Ehrlich, nicht beschönigend und doch hoffnungsvoll: Reinhard Köck, Juwelier aus der Wiener Innenstadt, gibt seine Einschätzung der aktuellen Lage.


Blickpunkt Juwelier: Herr Köck, wie halten Sie derzeit Kontakt zu Ihren Kunden?

Reinhard Köck: Wir haben den Kontakt zu unseren Kunden in drei Teilen gegliedert. Erstens ein Kontakt mittels Telefongespräch und E-Mail. Dies geschieht auf sehr persönliche und familiäre Weise. Zweitens gibt es unseren Online-Shop. Drittens versuchen wir unseren Kunden mit handschriftlichen Briefen unsere Situation darzustellen und sehr offen über die aktuellen wirtschaftlichen Probleme eines Familienbetriebes zu verweisen.

BJ: Apropos Online-Shop, wie haben sich die Click- und Verkaufszahlen entwickelt?

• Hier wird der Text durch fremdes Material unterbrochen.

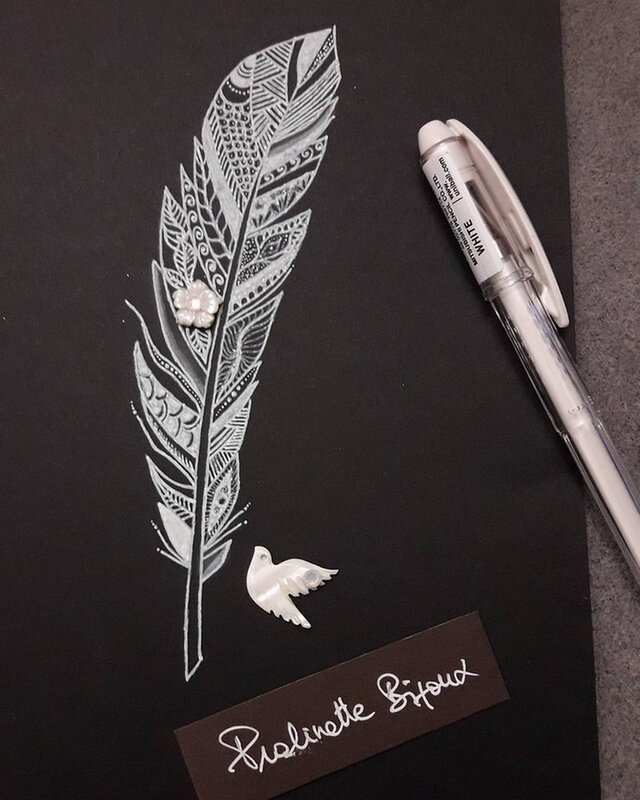 dessin-carte-bijou-nacre-mandala-doodle-zentagle-pralinette-bijoux-plume-feather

Köck: Nach der Schließung des Geschäftes entwickelten sich die Online-Verkäufe nicht besser. Eigenartig! Möglicherweise sind die Kunden mit anderen Themen und Sorgen belastet.

BJ: Haben Sie die Werkstatt offen?

Köck: Unsere Mitarbeiter der Goldschmiede-Werkstatt arbeiten weiter, haben allerdings keinen Kundenkontakt.

BJ: Welche Konsequenzen haben Sie als Inhaber gezogen?

Köck: Wir haben für unser Verkaufspersonal Kurzarbeit beantragt. Andere Maßnahmen werden gerade evaluiert. Unsere Hausbank hat sich uns angeboten, wir haben aber im Moment keinen Gebrauch gemacht.

BJ: Wie nutzen Sie Ihre Zeit derzeit?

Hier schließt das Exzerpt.